PyTorch with CUDA 9.1 is super slow compared to 9.0

I was just upgrading my PyTorch install to the CUDA 9.1 one that was recently released and noticed that training’s become super slow. Approx. 100 times slower than prior to the upgrade.

For the upgrade, I performed a conda uninstall pytorch and then installed the cuda 9.1 version via conda install pytorch torchvision cuda91 -c pytorch.

I then just went ahead and did the reverse, conda uninstall pytorch and then conda install pytorch torchvision cuda90 -c pytorch. The speed is back to “normal” now.

In all my scripts, I am including a line

print(torch.cuda.is_available())

which evaluated to true in all of these cases. However, since the speed via the CUDA 9.1 install matched approx the speed I get when I run the code locally on a non-GPU laptop, I am assuming that this install was not using the GPU properly. Could it be that the card is incompatible to CUDA 9.1? Is there a way to check that other than torch.cuda.is_available()?

What is the output of print(torch.version.cuda) for your cuda91 installation?
Also, could you see any activity on your GPU in nvidia-smi?
What GPU do you use?

It shows the installed version correctly, i.e., ‘9.1.85’, and yeah, via nvidia-smi, I can’t detect any GPU use on that device. The card I am using is a Nvidia Tesla K80. I should maybe try to install PyTorch from source. I was just curious if there’s a way to determine whether the CUDA drivers shipped with the binary PyTorch installers are compatible with the graphics card/ graphics card drivers

We already do such a check here:

Ah, thanks @smth ! I must say it’s a very weird case, I never got a warning when installing/importing it. And despite the fact that it detects the CUDA 9.1 lib, it does run on CPU (0% utilization when I check via nvidia-smi). When I install the CUDA 8.0 PyTorch version (also via conda), it works just fine though with 100% utilization.
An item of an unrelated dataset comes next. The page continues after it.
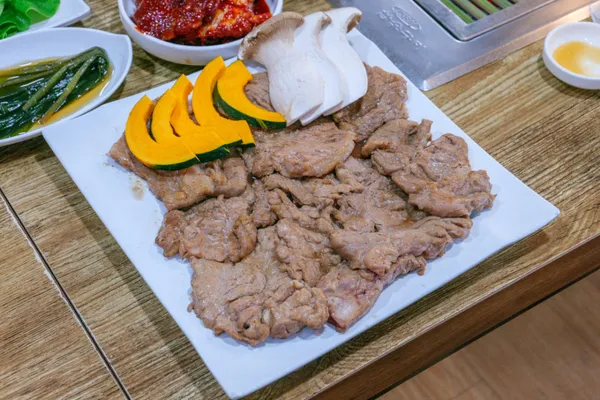 정담 사진 4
@rasbt Do you know that you still can use CUDA 9.1 for your Tesla K80?

Everything you need - compile PyTorch from source for compatibility version of your GPU.

If you need more information about it, I can share the instructions that made my old GTX 760 live again with CUDA 9.1 with you - just drop me a line. It will be an honor for me to help you!

@smth Why did you stop to support GPUs with CUDA compatibility 3.0? I fixed it by adding 3.0 to this environment variable:

@smth Or this fix is very naive? I don’t know. Could you clarify it, please?

At least linear regression seems to work perfectly (except warning about my old GTX 760).

@GarrisonD we wanted to start using some CUDA instructions that aren’t available in 3.0 and below. What you are doing is correct, and it will probably work for now, until we introduce some cuda routines that use features available only in 3.5 and above.

Ohh, now everything is clear! Thank you!

What is the best solution for me? Stay with CUDA 8?

Thanks! I became too busy to fiddle with it more and have been sticking to CUDA 8.0 on that machine since then. I believe it was due to the drivers for the k80’s but I should give it another try! Maybe your notes would come in handy :slight_smile: